See also: Harvest 2022: The 5 top-yielding winter wheat varieties map

Watch the video of Eleanor’s harvest and read the full report below:

Farm facts: Rookery Farms, Curridge, Thatcham, Berkshire

  • Area 750ha of sandy land over chalk
  • Cropping Winter and spring wheat, winter and spring barley, and oilseed rape, with three-year leys, maize and turnips grown to feed beef cattle and sheep

Variable moisture levels

Scorching hot and dry conditions proved challenging, triggering the harvest team to combine late at night or early in the morning to avoid low moisture contents.

“It’s been such a variable year,” says Miss Gilbert. “We started combining at 9 o’clock one night and the moisture content came in at 5%, so we had to stop and kick-start again at 4 o’clock in the morning.

“We managed to harvest through the entire next day due to the risk of a few thunder storms.

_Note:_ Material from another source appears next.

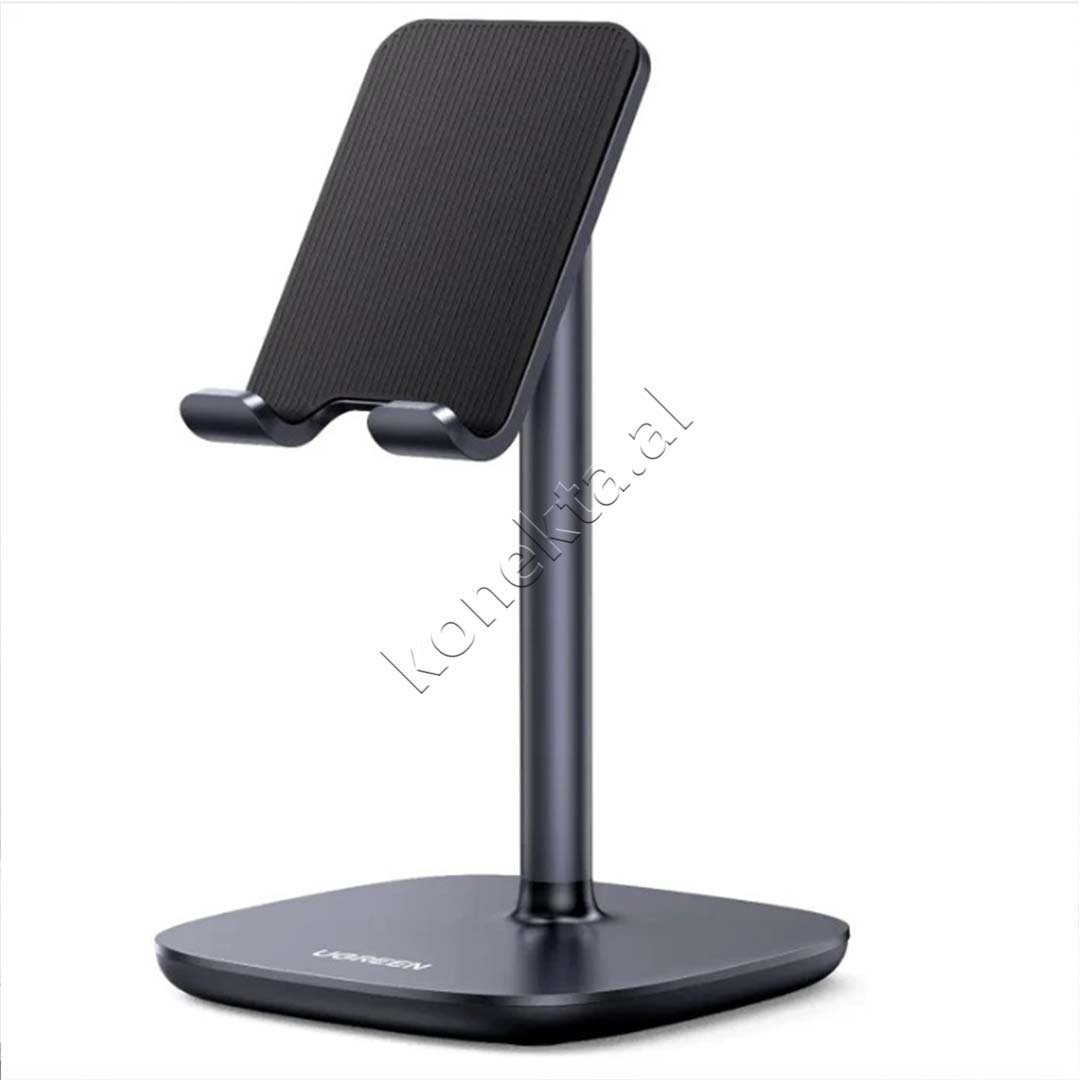 UGreen Phone Holder, Black - Thumbnail 8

As the land was heavier on the last block we cut, moisture levels came in at 10%,” she says.

With all 390ha of winter wheat now safely in the grain store, Miss Gilbert says it’s hard to believe that this time last year the farm was just getting into the thick of wheat harvest.

“It’s crazy how the weather and seasons change year-on-year and affect crops so differently. Last season, we were praying for a minimum of 15% moisture.”

The farm would usually receive 500mm of average rainfall, but less than half of this has fallen this year.

With the good levels of light throughout the growing period, specific weights came in well at about 80kg/hl for the two varieties Extase and Zyatt.

However, straw yields were noticeably down. “Normally we would get big swaths of straw, but they are small and chaffy – just because it is so dry.”

Rookery Farms wheat crop

Rookery Farms wheat crop © MAG/Emma Gillbard

Student-farm balance

Studying agriculture and crop management at Harper Adams University in Shropshire, Miss Gilbert is currently on her industrial placement year, working at Bartholomew’s Agrifood, based in Chichester.

Part of the trial site and seed plant team, she does 12-hour shifts during the week, bagging up seed for the 2023 planting season and expanding her knowledge of the arable supply chain.

She then heads home on the weekends to help with harvest, working into the early morning hours driving the S378 John Deere combine kitted-out with a 35ft header.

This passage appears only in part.